Source: NTSB AAR-12/03, ¶1.1



On February 11, 2011, during a meeting to discuss issues from Roswell I field performance testing, the Gulfstream senior vice president of programs, engineering, and test and the Gulfstream vice president of the G650 program (also referred to as the G650 program manager) were informed that the recorded V2 speeds were high. Specifically, the V2 values at 35 feet were consistently higher than the target V2 values planned for Roswell II testing. As a result, the field length needed for takeoff would be longer than the program's takeoff performance guarantee (6,000 feet ± 8 percent). Gulfstream personnel from the flight sciences, flight test, and flight operations departments believed that changes to the takeoff technique could improve these results.

Source: NTSB AAR-12/03, ¶1.1

In my opinion, Gulfstream personnel from the flight sciences, flight test, and flight operations departments were causal in this mishap.

  • Two days later, FTE1 led a 1-day takeoff technique development testing effort in Birmingham, Alabama (flight 111), during which time the test team assigned to that flight experimented with different takeoff rotation techniques and rotation speeds to try to eliminate the V2 overshoots, which would reduce the field length needed for takeoff. A total of seven simulated OEI continued takeoff test runs were performed using 20° of flaps and a target pitch attitude of 9°. The G650 project test pilot was the flying pilot, and the accident SIC was the monitoring pilot. Two flight test engineers (including FTE1) were also part of the on-board test team. (No airplane performance engineers were present for the test.)
  • Changes to the takeoff technique included (1) adding 2 knots to the VR speed schedule for a given thrust-to-weight ratio while keeping VLOF and V2 the same and (2) increasing the pitch angle beyond the target pitch angle as soon as the airplane lifted off (instead of holding the target pitch angle until 35 feet). In addition, changes were made to the control column input used to initiate rotation.
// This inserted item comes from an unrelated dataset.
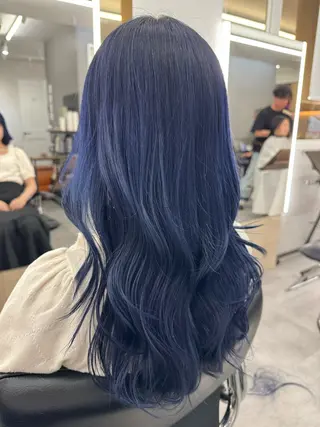 ロング カラー 【縮毛矯正/カラー】 今野寛己のヘアスタイル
As the testing progressed, the abruptness and magnitude of this input increased. According to the on-board video recording, FTE1 asked the G650 project test pilot whether he could convince FAA certification officials that the rotation technique being explored was a “normal technique.” The project test pilot responded that the technique would have to be modified “slightly.”

Source: NTSB AAR-12/03, ¶1.1

This isn't the first time Gulfstream has played these games to meet field performance numbers:

The takeoff performance presented in this section is predicated on employing the following techniques during rotation and climb out following an engine failure. After reaching the target rotation speed, a rapid and aggressive column pull shall be applied. Adjust pitch following liftoff to achieve V2 at the 35 foot height.

The takeoff performance presented in this section is predicated on employing the following techniques during rotation and climb out following an engine failure. After reaching the target rotation speed, a column pull force of approximately 75 pounds should be applied in an aggressive manner (less than 1 second). The following table presents recommended pitch attitudes (q) that should be targeted from liftoff to the 35 foot height. These pitch attitudes should allow the aircraft to accelerate with one engine inoperative to approximately V2 at the 35 foot height. Airspeed control is critical during a continued takeoff with an engine failure, therefore, the pitch attitude should be adjusted as required to capture and maintain V2. Pitch attitudes during a normal takeoff (all engines operating) may be increased to obtain the desired climb out speed and flight path, but should be limited to a maximum of 20 degrees.

Source: G450 Aircraft Operating Manual, §12-01-10, ¶1

These statements do not appear in the earlier GIV and GV manuals, though Gulfstream may have changed that by now. This "rapid and aggressive" (G450) or "aggressive manner (less than 1 second)" (G550) runs contrary to normal practice and basic airmanship, all for the sake of reaching an arbitrary speed after lift off. If you don't have any obstacles, you will be well advised to use a more sane rate of rotation to keep the wing flying. If you do have obstacles, you might want to pad the aircraft flight manual performance numbers. The project test pilot did the program no favors and, if it were not for this mishap, may have backed future G650 pilots into a performance corner. This is so alarming that I have modified my approach to Gulfstream performance data. I add 10% to everything. That may be too conservative, but if their certification team is willing to bend this much to the sales team, I can no longer trust them.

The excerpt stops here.